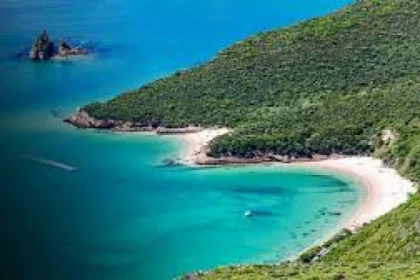 Full Day Guided Tour to Arrábida - app.name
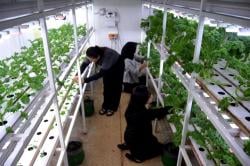 Inovasi PT PLN Menciptakan Ketahanan Pangan Melalui Container Farming dan Grow Light LED Buah Naga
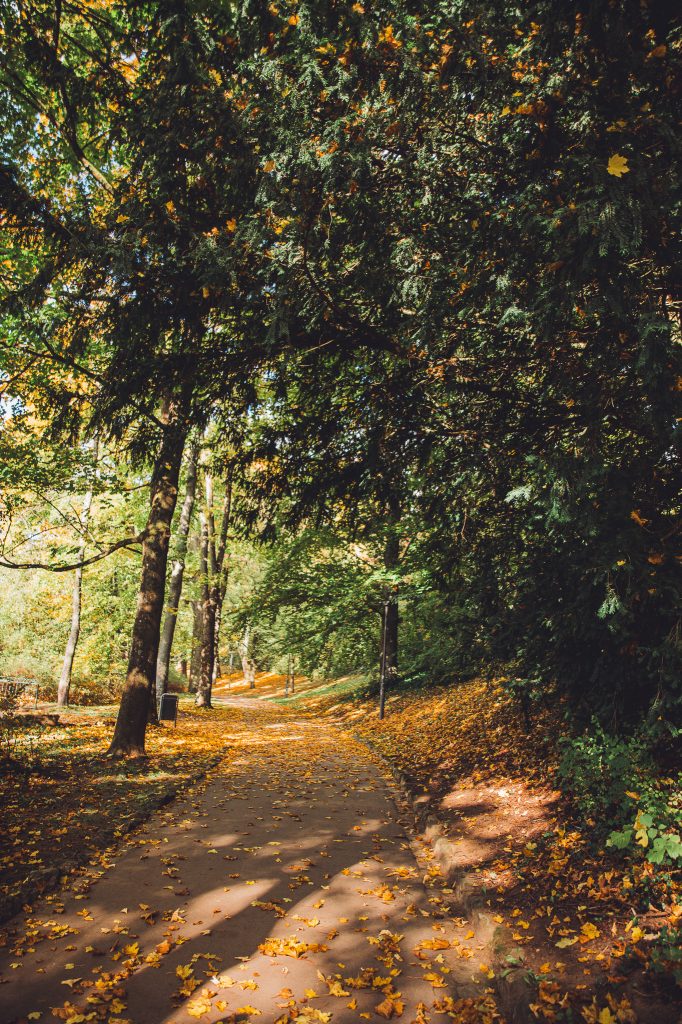 Parkweg in Luxemburg Stadt mit gelbem Herbstlaub, hohe Bäume und Sonnenflecken zwischen den Ästen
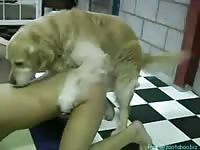 Blonde whore getting fucked and pounded by dog's hard cock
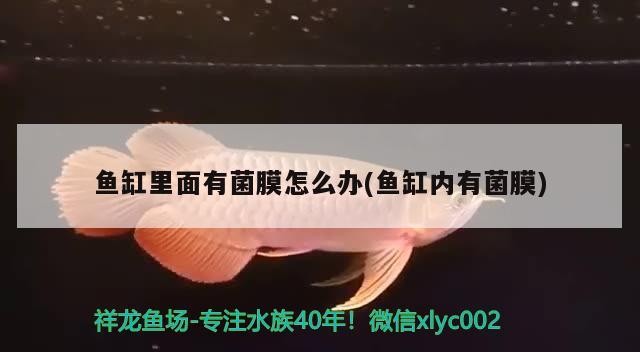 魚(yú)缸里面有菌膜怎么辦(魚(yú)缸內(nèi)有菌膜)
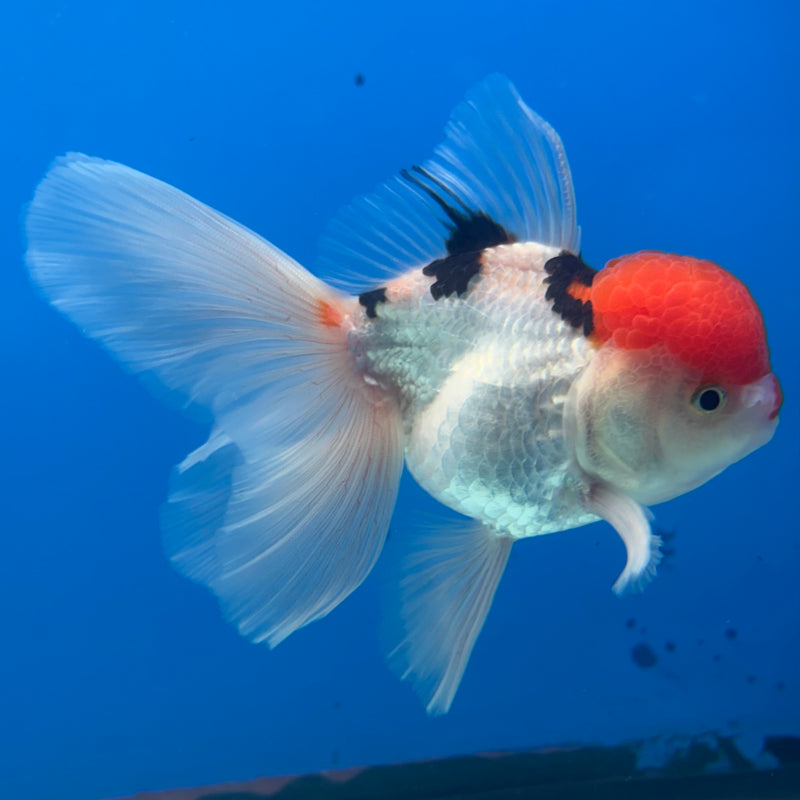 Thai Oranda Tri-Color 3.5” Body Male(CK-930)R1BLUETUB4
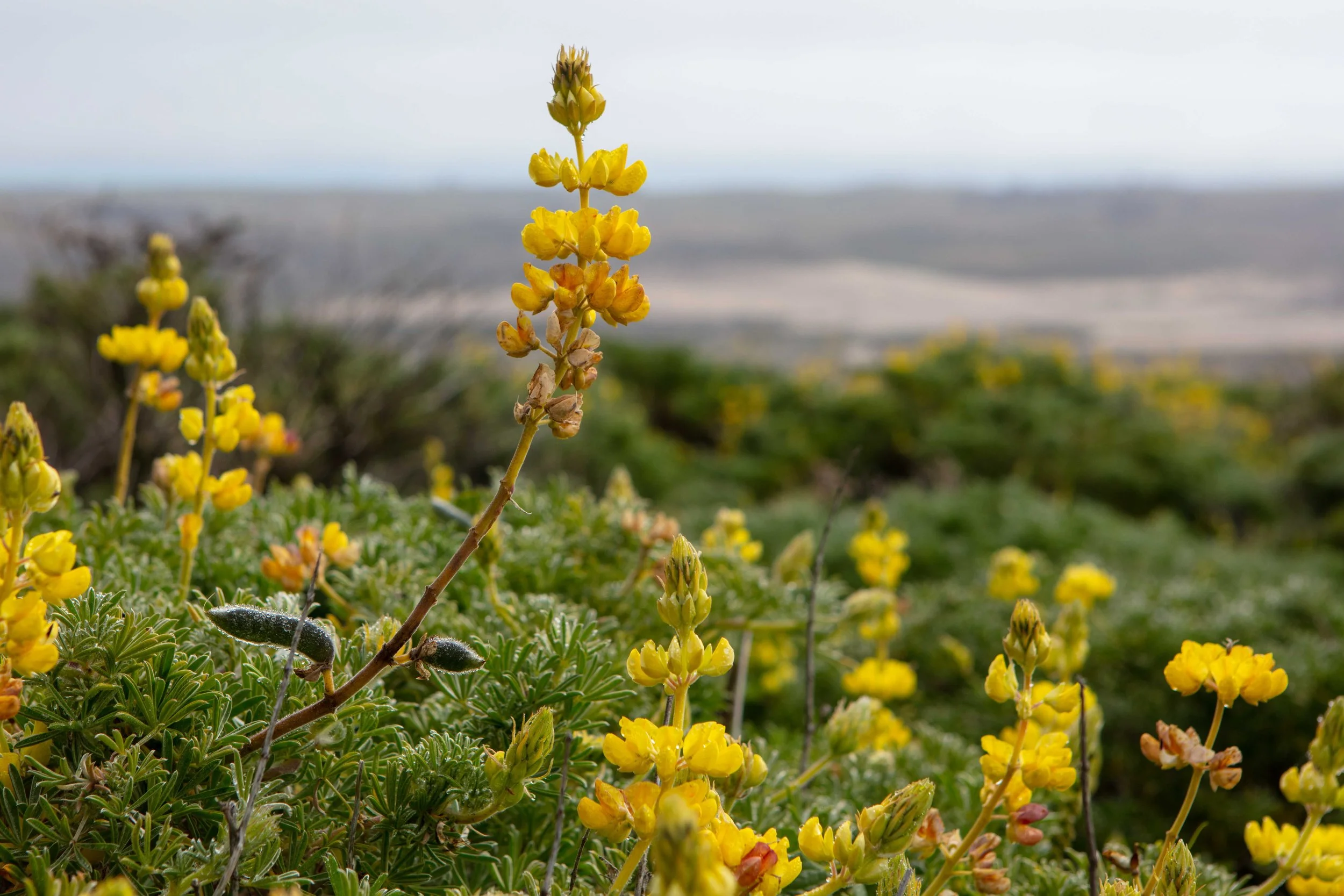 Yellow lupine wildflowers Tomales Point Trail with Tomales Bay in background Point Reyes spring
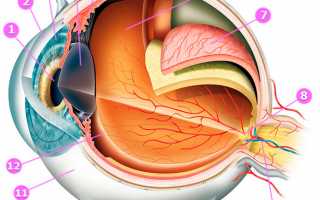 Строение глаза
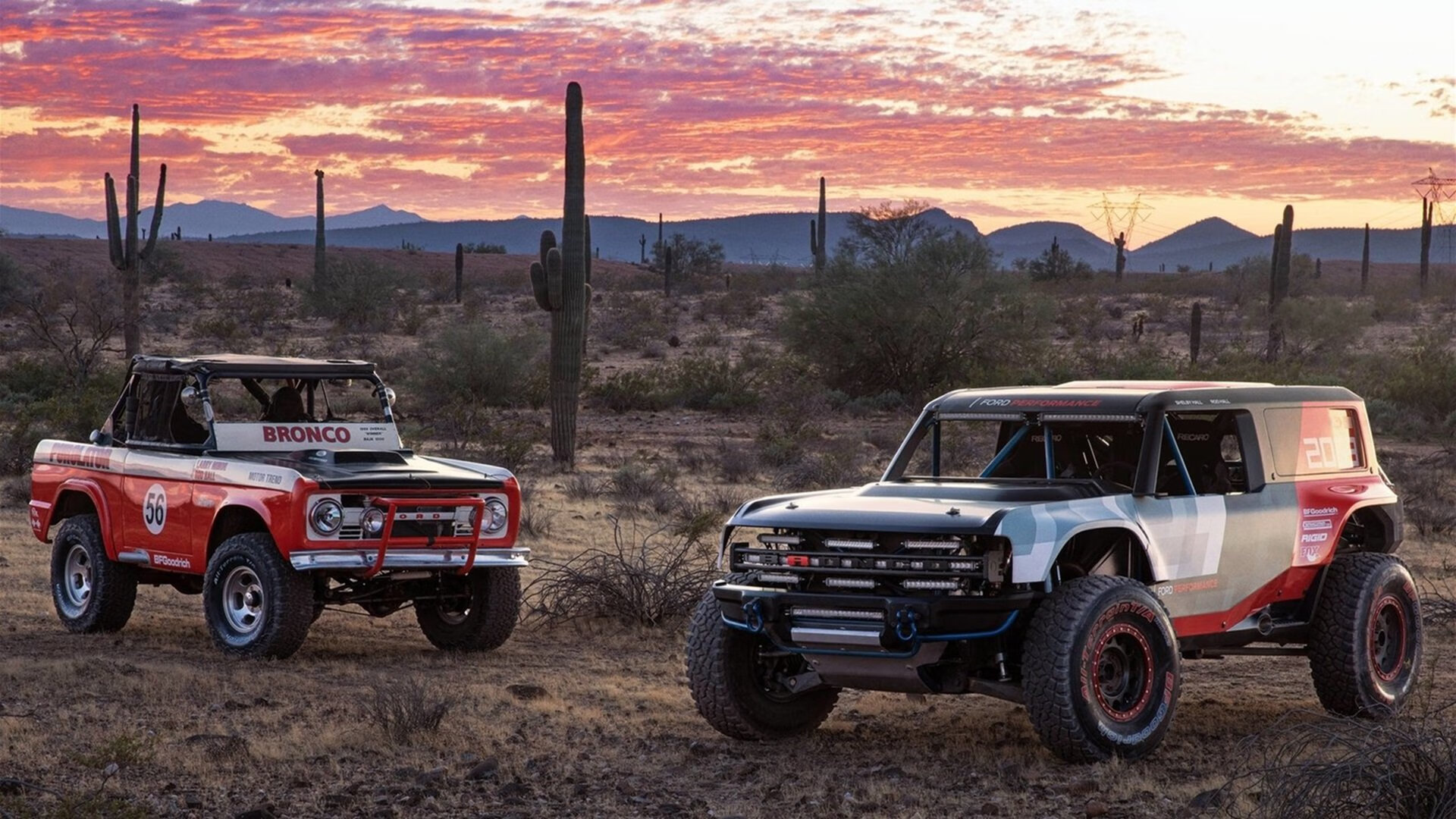 开云真人-体育赛事风险评估体系，体育赛事风险评估体系包括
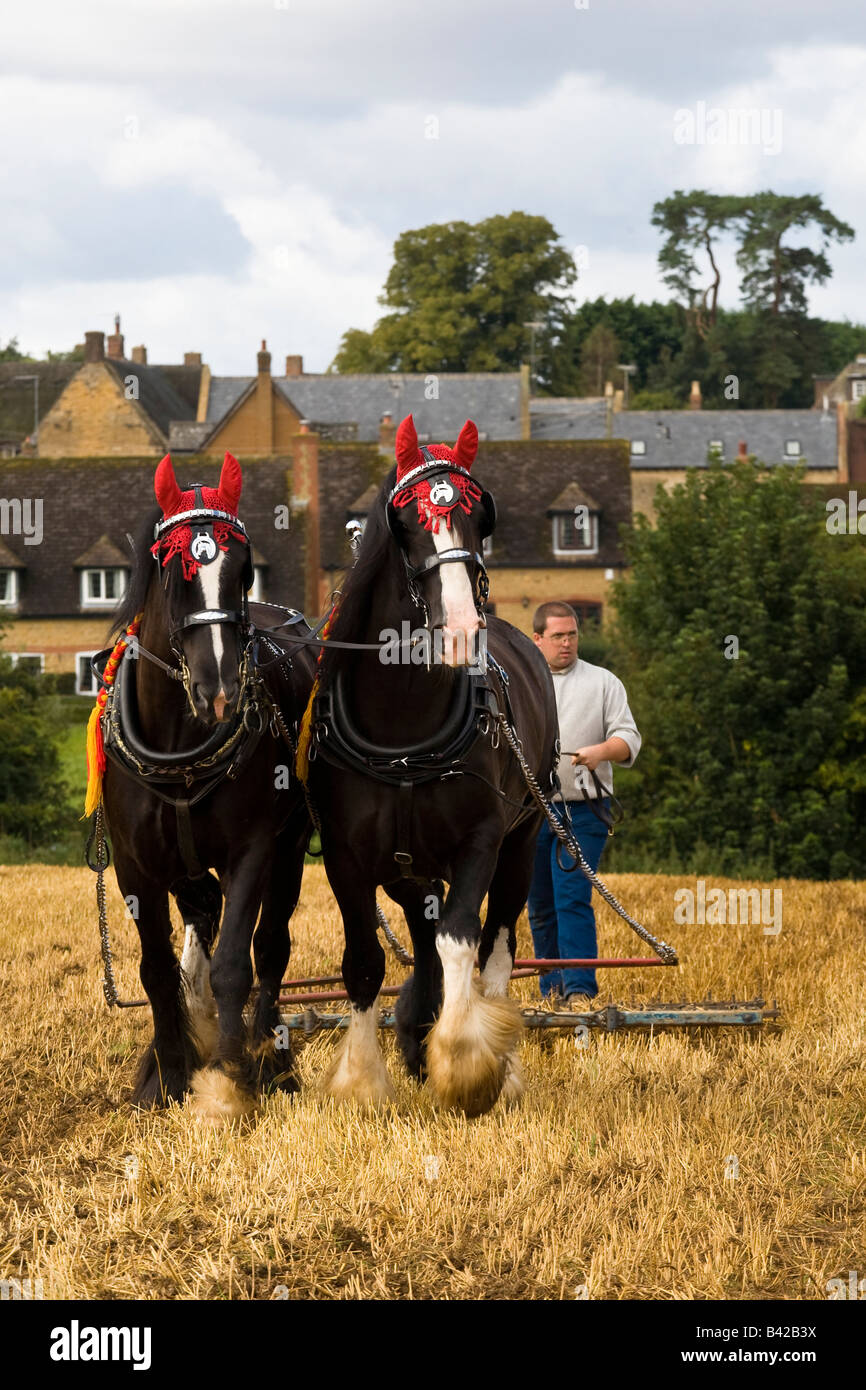 Pair of heavy horses pulling harrow at Holcott Vintage Steam Engine Rally, Northamptonshire Stock Photo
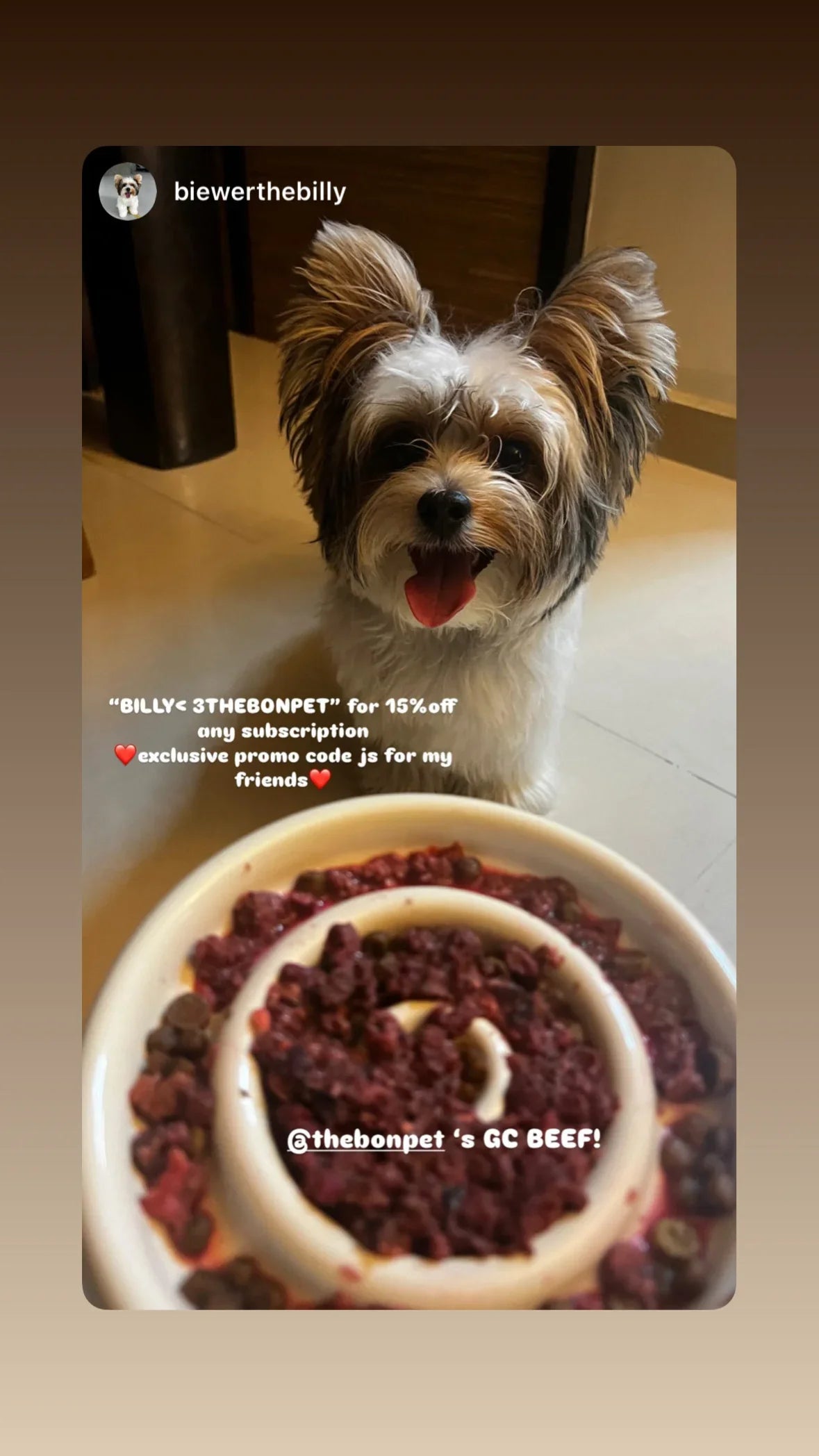 The Bon Pet gently cooked beef dog food for healthy digestion and daily wellness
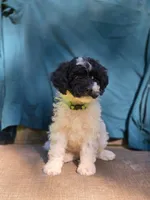 Pine, a female Portuguese Water Dog and Poodle - Miniature  for sale in Yacolt, WA – 1 of 10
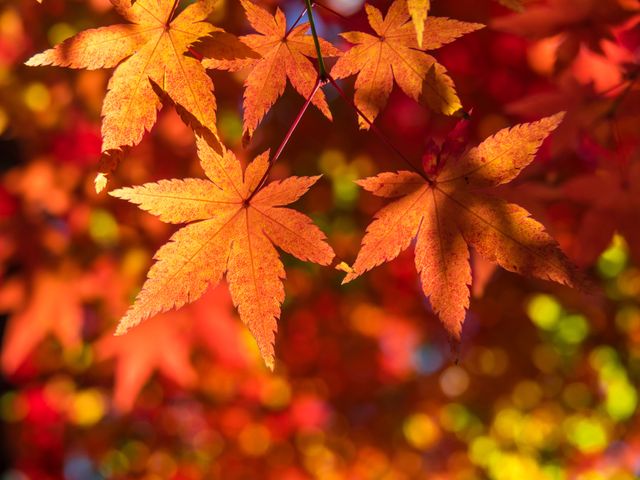 11月とにかく安くいきたい東北イメージ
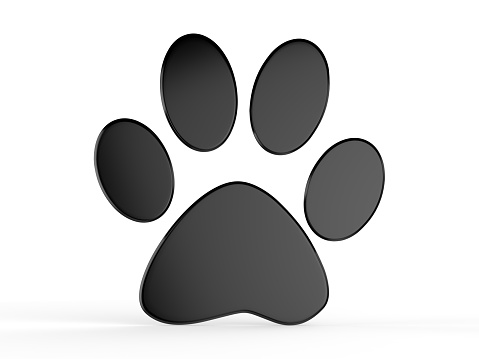 Mammal, Animal, Paw, Puppy, Footprint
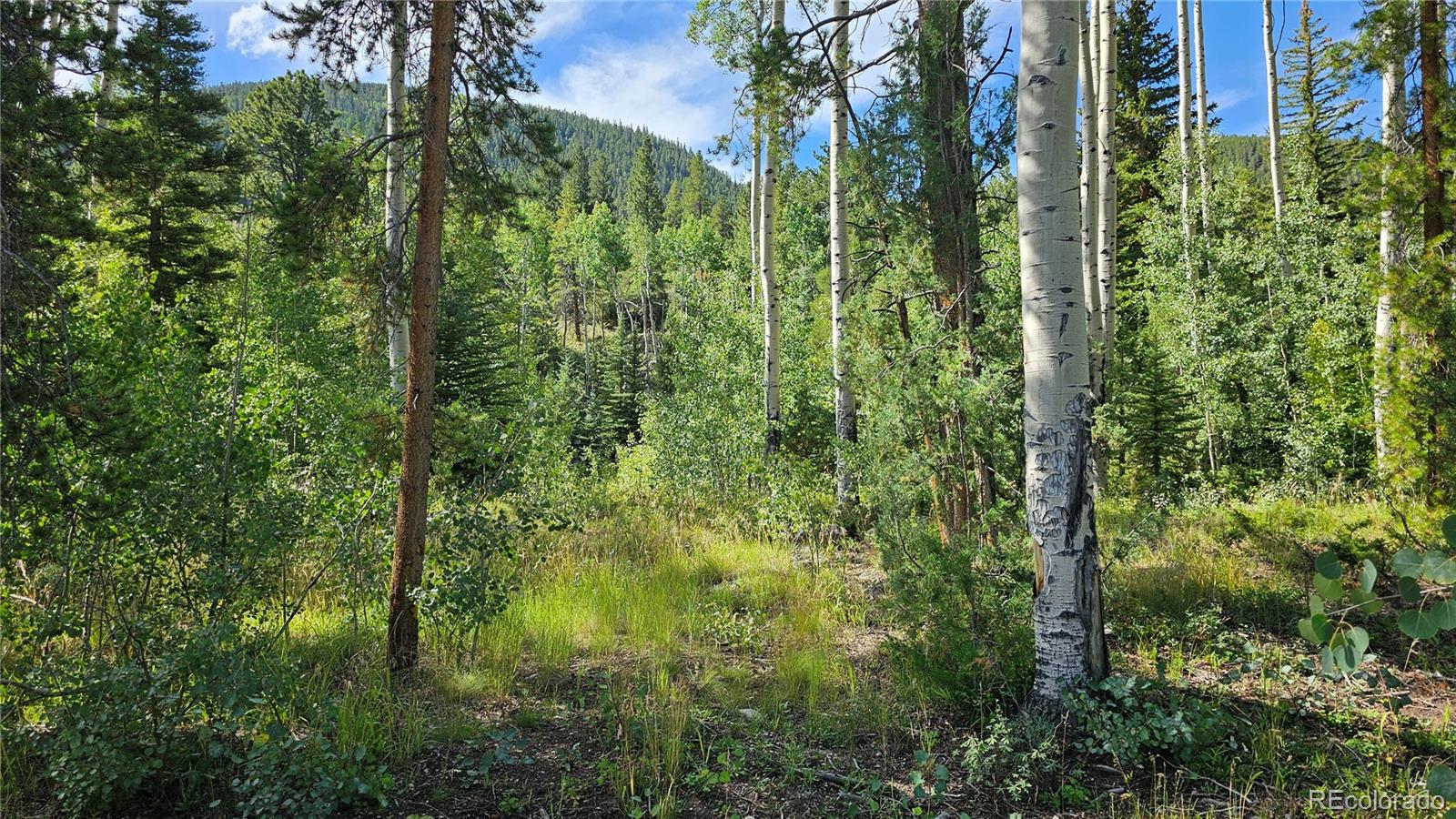 19039 Monarch River Drive Salida CO 81201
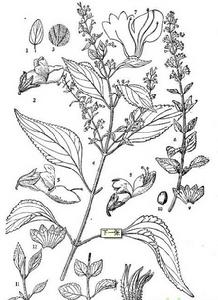 細葉香茶菜 細葉香茶菜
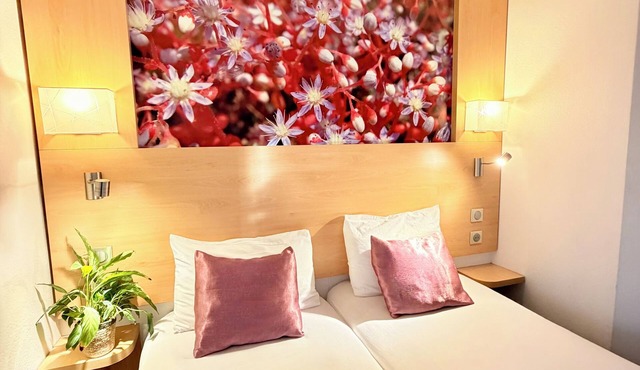 Fasthôtel Orléans Sud Zénith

EXERCISE INSTRUCTIONS – No pictures should appear in the copy, and each record above is to be returned exactly.

RESPONSE AREA –
 Full Day Guided Tour to Arrábida - app.name
 Inovasi PT PLN Menciptakan Ketahanan Pangan Melalui Container Farming dan Grow Light LED Buah Naga
 Parkweg in Luxemburg Stadt mit gelbem Herbstlaub, hohe Bäume und Sonnenflecken zwischen den Ästen
 Blonde whore getting fucked and pounded by dog's hard cock
 魚(yú)缸里面有菌膜怎么辦(魚(yú)缸內(nèi)有菌膜)
 Thai Oranda Tri-Color 3.5” Body Male(CK-930)R1BLUETUB4
 Yellow lupine wildflowers Tomales Point Trail with Tomales Bay in background Point Reyes spring
 Строение глаза
 开云真人-体育赛事风险评估体系，体育赛事风险评估体系包括
 Pair of heavy horses pulling harrow at Holcott Vintage Steam Engine Rally, Northamptonshire Stock Photo
 The Bon Pet gently cooked beef dog food for healthy digestion and daily wellness
 Pine, a female Portuguese Water Dog and Poodle - Miniature  for sale in Yacolt, WA – 1 of 10
 11月とにかく安くいきたい東北イメージ
 Mammal, Animal, Paw, Puppy, Footprint
 19039 Monarch River Drive Salida CO 81201
 細葉香茶菜 細葉香茶菜
 Fasthôtel Orléans Sud Zénith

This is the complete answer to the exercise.